Nuvic - Walkthrough: Diffusion Models Class

These are supplementary notes for the HuggingFace diffusion models class unit 1. The video below is a walkthrough of unit 1 plus these notes.

What does a diffusion model do?

Step 2: Preparing the training dataset

Why do we have to do these data augmentations and what are they doing?
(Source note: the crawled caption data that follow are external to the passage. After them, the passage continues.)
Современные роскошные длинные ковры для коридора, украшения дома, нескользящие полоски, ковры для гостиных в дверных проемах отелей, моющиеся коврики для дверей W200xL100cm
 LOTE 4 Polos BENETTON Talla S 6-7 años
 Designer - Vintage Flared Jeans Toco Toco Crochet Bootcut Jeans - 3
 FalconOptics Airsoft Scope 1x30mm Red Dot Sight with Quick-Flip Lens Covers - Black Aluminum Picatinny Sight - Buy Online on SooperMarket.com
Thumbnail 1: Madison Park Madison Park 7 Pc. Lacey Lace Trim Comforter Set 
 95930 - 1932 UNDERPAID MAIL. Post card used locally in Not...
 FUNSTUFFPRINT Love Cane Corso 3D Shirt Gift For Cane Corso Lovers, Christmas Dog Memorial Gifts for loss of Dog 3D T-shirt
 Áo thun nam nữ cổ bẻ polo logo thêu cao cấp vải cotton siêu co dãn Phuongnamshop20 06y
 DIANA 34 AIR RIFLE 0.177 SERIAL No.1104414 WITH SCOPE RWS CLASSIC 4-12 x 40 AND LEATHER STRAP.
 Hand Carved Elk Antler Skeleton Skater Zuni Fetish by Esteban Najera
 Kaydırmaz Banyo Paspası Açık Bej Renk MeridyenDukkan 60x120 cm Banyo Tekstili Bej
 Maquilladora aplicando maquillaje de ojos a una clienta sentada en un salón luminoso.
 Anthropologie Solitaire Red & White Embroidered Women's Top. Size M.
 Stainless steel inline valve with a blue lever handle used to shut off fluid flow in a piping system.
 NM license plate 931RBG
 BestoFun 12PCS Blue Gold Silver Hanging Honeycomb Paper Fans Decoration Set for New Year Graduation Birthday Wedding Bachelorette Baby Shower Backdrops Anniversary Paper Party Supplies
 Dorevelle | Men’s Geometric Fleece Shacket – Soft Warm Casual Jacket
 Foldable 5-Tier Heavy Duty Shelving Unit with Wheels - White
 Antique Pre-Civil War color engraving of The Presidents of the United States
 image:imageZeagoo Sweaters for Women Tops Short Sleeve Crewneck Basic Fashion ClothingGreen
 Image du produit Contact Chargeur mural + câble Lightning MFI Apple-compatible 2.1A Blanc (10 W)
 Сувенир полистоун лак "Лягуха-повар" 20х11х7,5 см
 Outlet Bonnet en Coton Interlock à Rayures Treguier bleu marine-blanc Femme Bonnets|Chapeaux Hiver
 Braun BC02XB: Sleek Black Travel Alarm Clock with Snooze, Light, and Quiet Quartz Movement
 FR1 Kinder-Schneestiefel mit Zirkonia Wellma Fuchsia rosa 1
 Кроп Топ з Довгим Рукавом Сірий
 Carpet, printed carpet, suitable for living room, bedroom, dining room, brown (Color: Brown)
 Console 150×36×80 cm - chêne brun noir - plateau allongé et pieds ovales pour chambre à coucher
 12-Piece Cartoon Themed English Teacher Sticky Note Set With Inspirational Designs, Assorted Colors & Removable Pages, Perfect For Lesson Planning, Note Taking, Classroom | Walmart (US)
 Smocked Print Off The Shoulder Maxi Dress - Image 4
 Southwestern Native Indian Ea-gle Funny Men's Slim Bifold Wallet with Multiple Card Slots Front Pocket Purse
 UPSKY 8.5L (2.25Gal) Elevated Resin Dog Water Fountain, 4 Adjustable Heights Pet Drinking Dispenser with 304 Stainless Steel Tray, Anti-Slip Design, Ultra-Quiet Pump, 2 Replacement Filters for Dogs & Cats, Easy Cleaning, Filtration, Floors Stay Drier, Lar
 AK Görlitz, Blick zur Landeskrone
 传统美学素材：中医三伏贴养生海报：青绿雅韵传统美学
# Define data augmentations
preprocess = transforms.Compose(
    [
        transforms.Resize((image_size, image_size)),  # Resize
        transforms.RandomHorizontalFlip(),  # Randomly flip (data augmentation)
        transforms.ToTensor(),  # Convert to tensor (0, 1)
        transforms.Normalize([0.5], [0.5]),  # Map to (-1, 1)
    ]
)

images are usually pixels with 8-bit integers between 0 and 255 for each of the RGB channels, but neural networks typically prefer floating point values in a smaller range
Resize: resizing so that we can train our neural net faster with a smaller image size (smaller data to work with)
RandomHorizontalFlip: randomly flip data so that we have more data to work with
ToTensor: converts our input image to torch.FloatTensor of shape (C x H x W) in the scale of [0.0, 1].
- we neeed to convert it to a tensor so that it’s in a data format Pytorch can use. C is channel, H is height, W is width. We have 3 channels, one for each of RGB.
Normalize: scales our tensors to a smaller range with mean 0.5 and standard deviation 0.5, since neural networks work better with smaller range of floating point values

Step 3: Define the scheduler

What does this equation mean?

\(q(\mathbf{x}_t \vert \mathbf{x}_{t-1}) = \mathcal{N}(\mathbf{x}_t; \sqrt{1 - \beta_t} \mathbf{x}_{t-1}, \beta_t\mathbf{I}) \quad q(\mathbf{x}_{1:T} \vert \mathbf{x}_0) = \prod^T_{t=1} q(\mathbf{x}_t \vert \mathbf{x}_{t-1})\)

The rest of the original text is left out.